I’ve neglected my blogging responsibilities, and I’ve missed you, dear readers, but not enough to deny myself the many pleasures of the local fair.  I affectionately refer to this time of year as “Corn Dog Week”, and many were consumed.  But that is not all that one may gain from frequent and regular attendance to this celebration of all things fried and weird.
There are many thank yous I should give to those who make my fair experiences worth-while.  Thank you, older ladies in strapless shirts who believe you rock the tight jeans.  You make me feel much better about my modest, age-appropriate attire that frees my mind from worry over wardrobe malfunctions or the overt ogling of toothless carnival workers.
Carnival employees, to your many ranks I owe much.  Thank you to the game booth attendant who knocked the rust off my ability to do complicated calculations in my head and challenge him on exactly how much I really owed him in order to get my darling son a nasty, cheap angry bird stuffed animal that already had a hole in it and scattered it’s filling all over the backset of my car.  I am fully convinced that you must have attended the same economics class Barack Obama did.  Why shouldn’t I spend $40 to obtain a $2 cruddy gift?  Especially when my odd offspring decide they MUST have the demonic-looking bulldogs that will probably give me nightmares.  Thank you to the man manning the spinning boats who chose to visit with me non-stop until my husband appeared from nowhere.  I am quite sorry that your wife died, and you came out to spend time with your daughter only to find she was engaged to a man close to your age and had not told you about him.  I do hope that you straighten out your relationship with her and that you are able to find shoes that will last more than two weeks on this job.  Oh, and I am surprised that you were as pale as me a couple weeks ago, but are now sporting very dark tan, leathery skin.  I am certain my daughter appreciated the longer ride she got while you poured out your life’s story.  Thank you dart booth barker for promising my children a prize whether they popped a balloon or not.  They love the swords.  They had grown tired of traditional fighting methods such as kicking, screaming, hair-pulling, hitting, and spitting.  It was time we advanced to actual weaponry.
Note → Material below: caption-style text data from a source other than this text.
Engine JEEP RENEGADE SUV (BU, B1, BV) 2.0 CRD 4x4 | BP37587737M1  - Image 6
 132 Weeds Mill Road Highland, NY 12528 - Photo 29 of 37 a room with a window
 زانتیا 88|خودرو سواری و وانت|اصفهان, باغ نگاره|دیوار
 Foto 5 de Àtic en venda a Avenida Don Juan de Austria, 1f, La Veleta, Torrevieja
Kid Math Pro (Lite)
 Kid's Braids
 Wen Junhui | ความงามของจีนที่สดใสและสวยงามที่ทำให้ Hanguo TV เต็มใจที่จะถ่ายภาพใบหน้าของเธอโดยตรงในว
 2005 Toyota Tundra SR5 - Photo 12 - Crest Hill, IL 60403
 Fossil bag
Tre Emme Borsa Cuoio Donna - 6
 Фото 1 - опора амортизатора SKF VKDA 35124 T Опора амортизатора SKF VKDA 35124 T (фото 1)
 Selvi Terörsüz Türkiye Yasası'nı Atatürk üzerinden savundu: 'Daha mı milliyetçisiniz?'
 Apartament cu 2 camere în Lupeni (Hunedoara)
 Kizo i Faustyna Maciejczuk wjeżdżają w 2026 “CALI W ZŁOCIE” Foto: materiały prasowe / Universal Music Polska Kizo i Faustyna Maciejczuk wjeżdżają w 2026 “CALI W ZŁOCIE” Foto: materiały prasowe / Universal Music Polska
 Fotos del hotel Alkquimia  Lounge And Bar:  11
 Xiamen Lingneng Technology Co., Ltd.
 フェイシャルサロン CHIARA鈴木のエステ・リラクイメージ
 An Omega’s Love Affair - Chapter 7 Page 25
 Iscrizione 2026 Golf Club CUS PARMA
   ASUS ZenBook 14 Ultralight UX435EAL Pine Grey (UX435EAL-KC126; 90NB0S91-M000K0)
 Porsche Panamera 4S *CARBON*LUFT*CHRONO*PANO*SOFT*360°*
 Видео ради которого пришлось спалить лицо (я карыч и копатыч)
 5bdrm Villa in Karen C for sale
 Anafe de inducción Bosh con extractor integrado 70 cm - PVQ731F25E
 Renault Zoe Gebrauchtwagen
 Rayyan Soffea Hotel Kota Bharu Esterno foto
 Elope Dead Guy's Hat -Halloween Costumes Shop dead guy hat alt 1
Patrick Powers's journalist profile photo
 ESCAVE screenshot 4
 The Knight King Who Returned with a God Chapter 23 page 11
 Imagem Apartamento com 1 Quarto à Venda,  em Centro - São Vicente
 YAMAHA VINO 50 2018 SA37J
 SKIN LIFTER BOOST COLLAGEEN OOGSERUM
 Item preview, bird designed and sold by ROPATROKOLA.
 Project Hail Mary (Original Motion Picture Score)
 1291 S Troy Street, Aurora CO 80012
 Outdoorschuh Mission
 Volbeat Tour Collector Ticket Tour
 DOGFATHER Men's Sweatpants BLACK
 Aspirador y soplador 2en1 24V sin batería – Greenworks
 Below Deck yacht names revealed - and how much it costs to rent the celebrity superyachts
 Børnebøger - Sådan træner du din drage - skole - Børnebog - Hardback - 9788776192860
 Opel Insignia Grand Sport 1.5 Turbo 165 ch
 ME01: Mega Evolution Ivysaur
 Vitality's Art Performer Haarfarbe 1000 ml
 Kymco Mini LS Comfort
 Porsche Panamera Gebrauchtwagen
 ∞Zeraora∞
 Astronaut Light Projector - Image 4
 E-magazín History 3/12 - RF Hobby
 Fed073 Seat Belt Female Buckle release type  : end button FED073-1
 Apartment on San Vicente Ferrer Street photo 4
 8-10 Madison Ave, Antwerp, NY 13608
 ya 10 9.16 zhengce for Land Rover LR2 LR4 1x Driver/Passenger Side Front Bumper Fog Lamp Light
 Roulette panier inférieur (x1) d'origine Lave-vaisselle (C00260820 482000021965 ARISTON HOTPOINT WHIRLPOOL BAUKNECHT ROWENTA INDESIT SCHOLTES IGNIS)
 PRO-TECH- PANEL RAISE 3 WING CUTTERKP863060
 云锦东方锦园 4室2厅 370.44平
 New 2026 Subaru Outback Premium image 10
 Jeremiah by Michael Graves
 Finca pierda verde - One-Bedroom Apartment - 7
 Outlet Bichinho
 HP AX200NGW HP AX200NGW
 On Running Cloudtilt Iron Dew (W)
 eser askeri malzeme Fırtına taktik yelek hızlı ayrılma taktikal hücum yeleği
Let us not forget to thank the food vendors.  New Deal Firefighters:  thank for the carne guisada clogging my arteries.  I’m glad you are also paramedics as you served me fried brownies for desert, which were ironically called “paramedic’s delight”.  Ronald McDonald House – thank you for the corndogs.  All four of them I ate this week.   New Deal Band Boosters – Your hamburger was greasy and juicy and all things a fair burger should be.  Science Spectrum, thank you for the funnel cakes – my body should make for interesting experimentation as soon as I expire from consuming so much fair food.  Those of you who supplied me with pie, fried snickers, curly taters, roasted corn, and so, so much more – thank you for contributing to my gluttony and for creating within me an urge to consume salad, and lots of it.
Livestock exhibitors:  thank you for the odors and piles of poop.  They were an endless source of conversation for my offspring.  Loud conversation.  There is nothing like discussing cow poop as you consume a corndog.
Vendors, I appreciate your interest in my welfare.  I do believe my life could possibly be enriched by a water balloon on a large rubber band.  Or by a water softener machine.  Or possibly by the sequined and feather shirt with “One Hot Mama” on it. 
And, last but not least, let me thank my fellow fair-goers.  I salute you, teenage girls in 6-inch heels trying your best to be jailbait.  You, sir, with the 1.5 inch spike through your lip who blurted the expletive in front of my daughter about the bungee ride – I thank you for the opportunity to teach my children yet another word they should not say.  To you gang bangers, for the not very well concealed weaponry and drug deals – it’s never too early to teach my children to “Just say no”. 
Ah, yes, the fair.  Another year is in the books and all but our scales have emerged unscathed.  Until next fall, I bid you adieu, but I will miss the corndogs.